What is expected >>
The result is the exact lines from the one containing "Toyota Corolla Touring" through the final line of the entries; leave out the pictures.
========
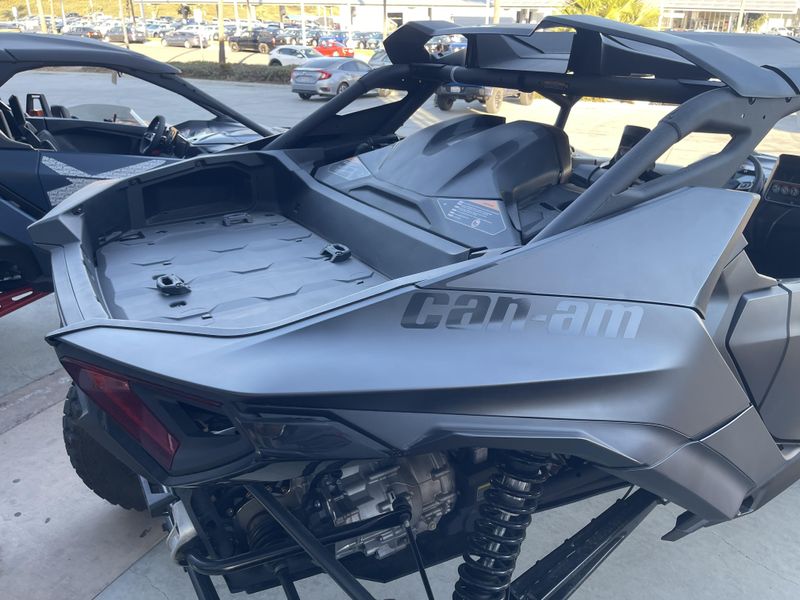 2025 Can-Am MAVERICK R MAX X 999T DCT Image 13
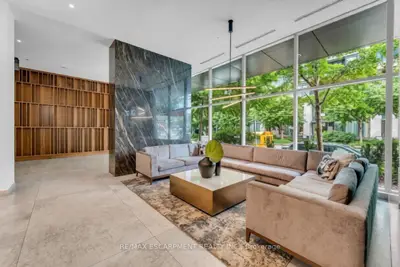 25 Telegram Mews 3015, Toronto, On M5v 3z1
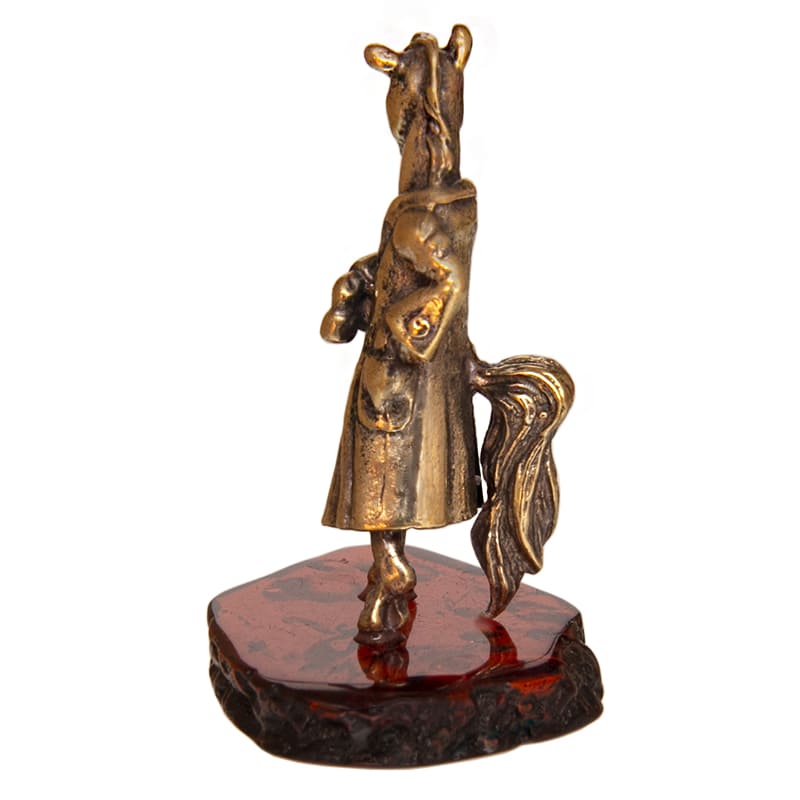 Фото - Фигурка на натуральном янтаре Конь в пальто 5,5 х 4 см Фото - Фигурка на натуральном янтаре Конь в пальто 5,5 х 4 см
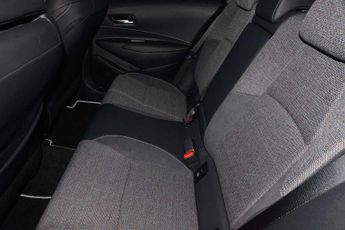Toyota Corolla Touring Sport 1.8 Hybrid Design 5dr CVT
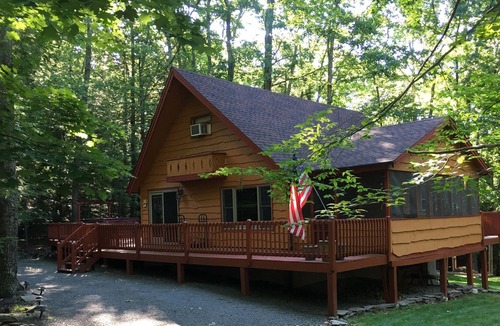 Lakeville House | Secluded Lake Wallenpaupack Wood Cabin Getaway
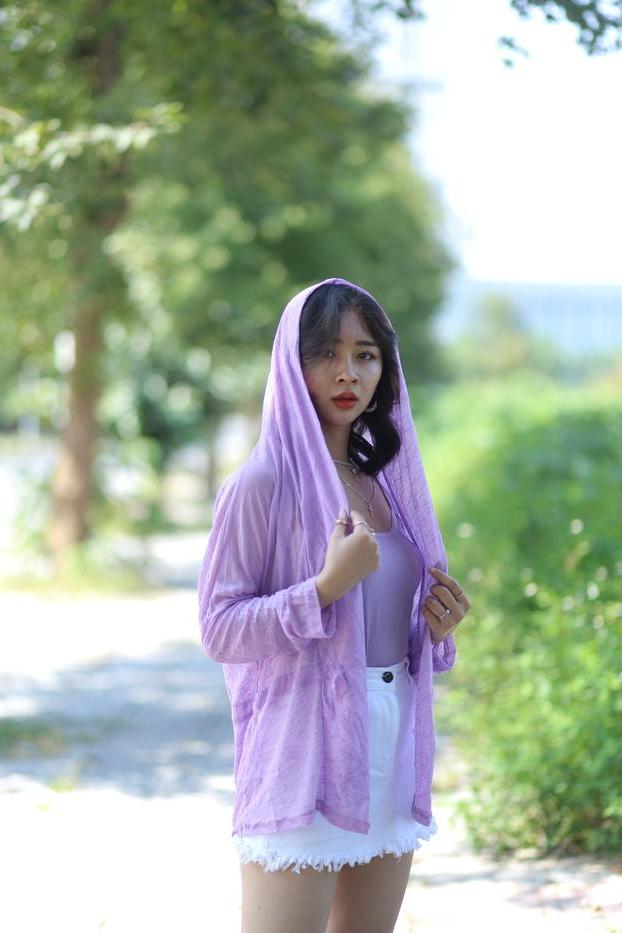 20P La sexy asiática de pelo oscuro Nhatle posando con su traje blanco violeta en el pubis
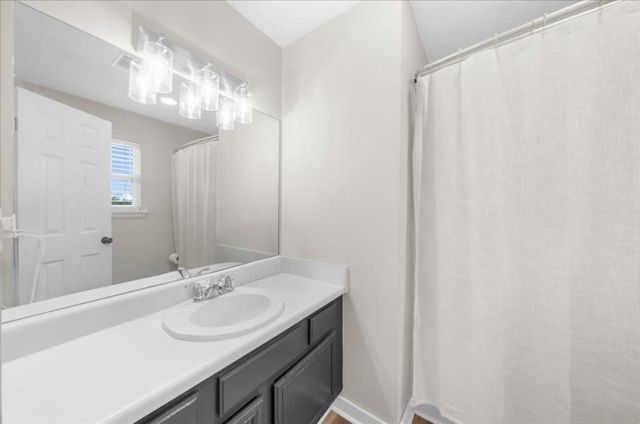 6460 Dove Drive, Loganville, GA 30052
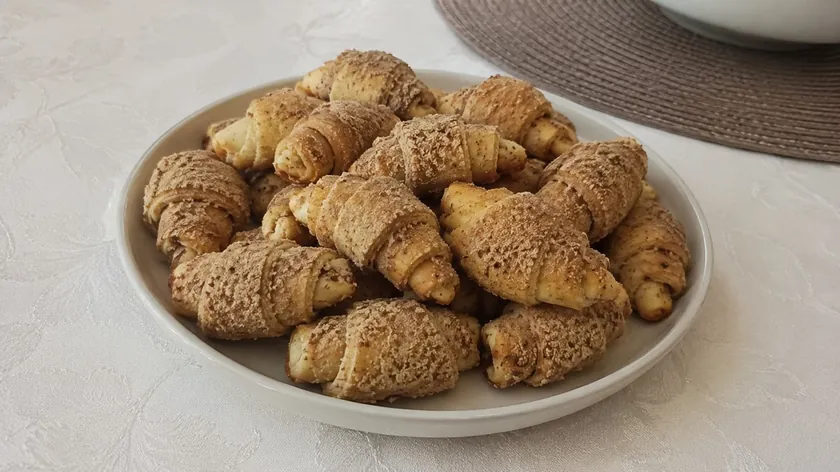 Sırbistan'da yapılan bir tarifle meki ve lezzetli pivske kiflice nasıl yapılır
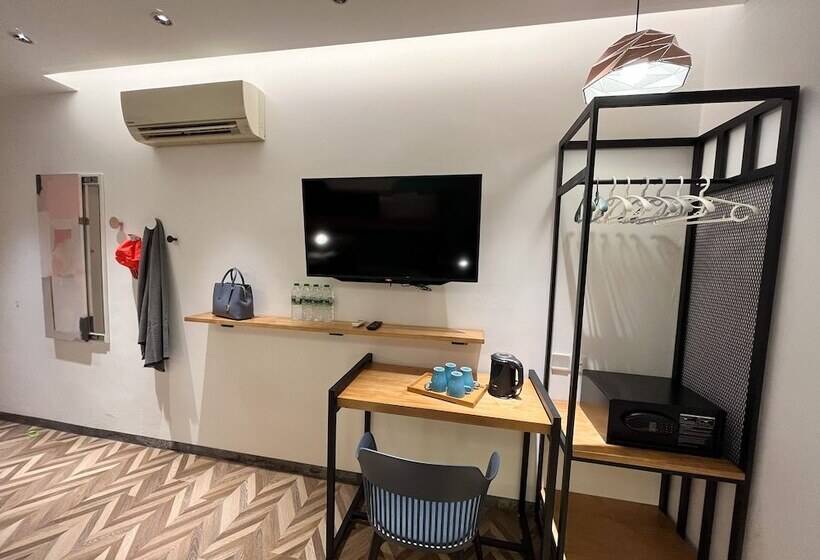 חדר משפחתי דלוקס, Apple 1 Hotel Queensbay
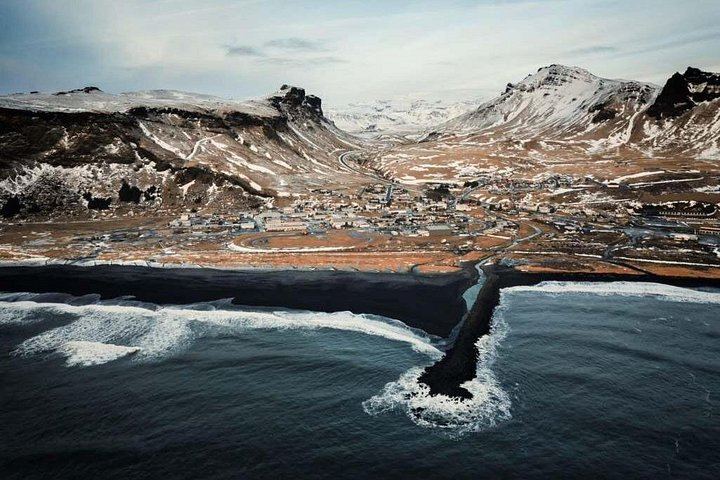 Winter South Coast Day Tour with Gljufrabui, Reynisfjara and Glacier Touch (3/8)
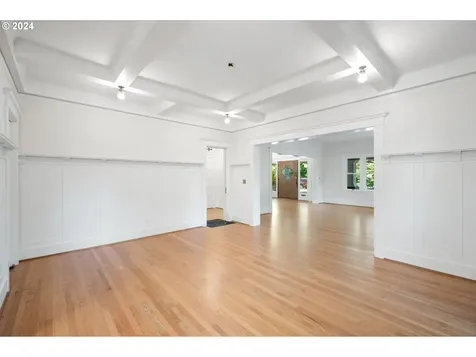1341 SE 55th Avenue Portland OR 97215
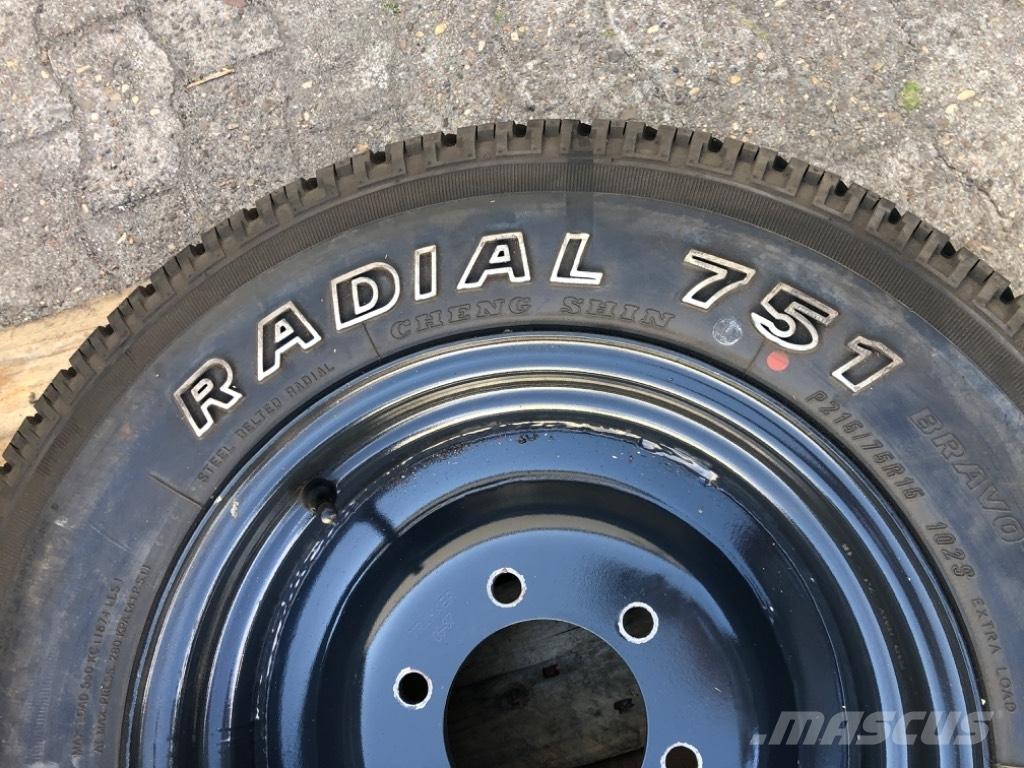  Radial 751 Kleintraktoren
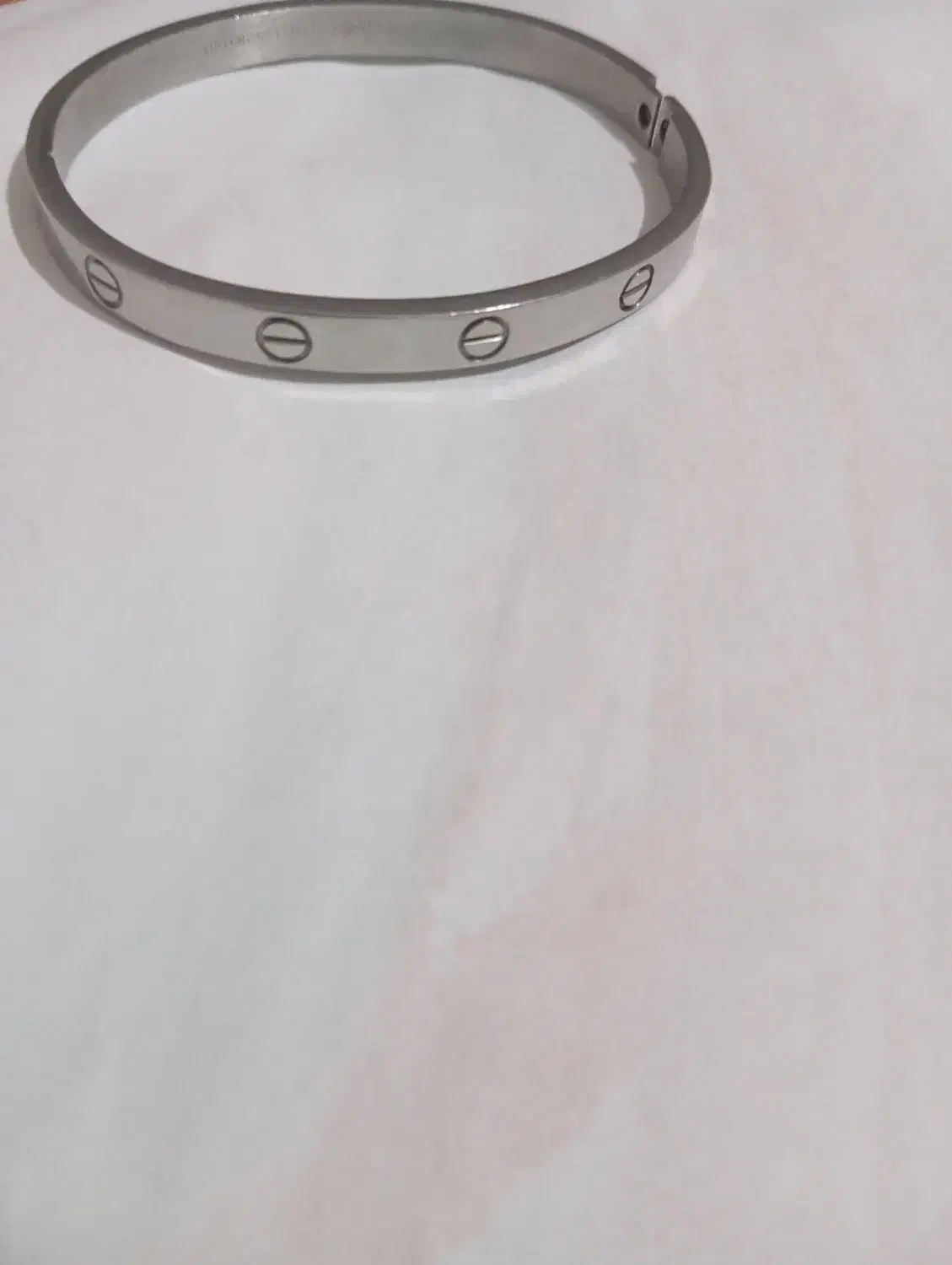 دستبند|بدلیجات|سبزوار, قلعه‌نو دهزار|دیوار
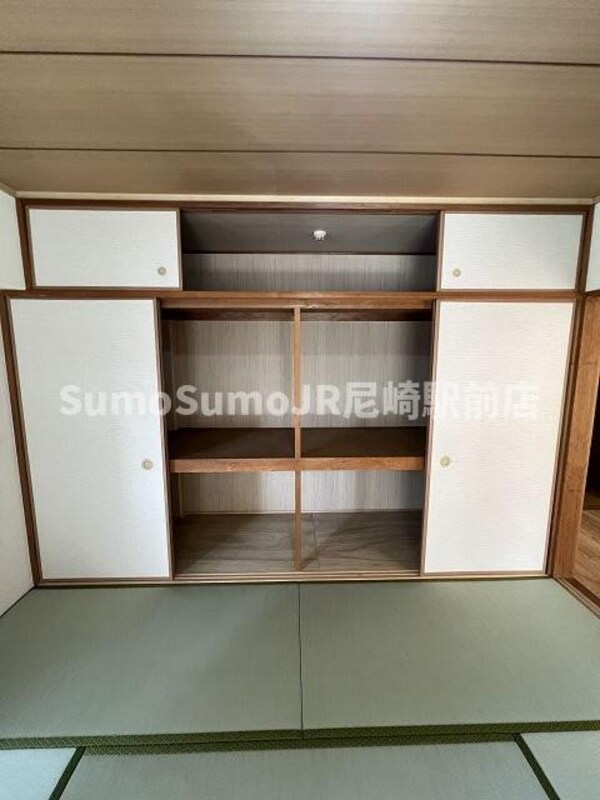 収納(たっぷりとした収納スペースです)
========
Answer to this exercise >>
Toyota Corolla Touring Sport 1.8 Hybrid Design 5dr CVT
 Lakeville House | Secluded Lake Wallenpaupack Wood Cabin Getaway
 20P La sexy asiática de pelo oscuro Nhatle posando con su traje blanco violeta en el pubis
 6460 Dove Drive, Loganville, GA 30052
 Sırbistan'da yapılan bir tarifle meki ve lezzetli pivske kiflice nasıl yapılır
 חדר משפחתי דלוקס, Apple 1 Hotel Queensbay
 Winter South Coast Day Tour with Gljufrabui, Reynisfjara and Glacier Touch (3/8)
1341 SE 55th Avenue Portland OR 97215
  Radial 751 Kleintraktoren
 دستبند|بدلیجات|سبزوار, قلعه‌نو دهزار|دیوار
 収納(たっぷりとした収納スペースです)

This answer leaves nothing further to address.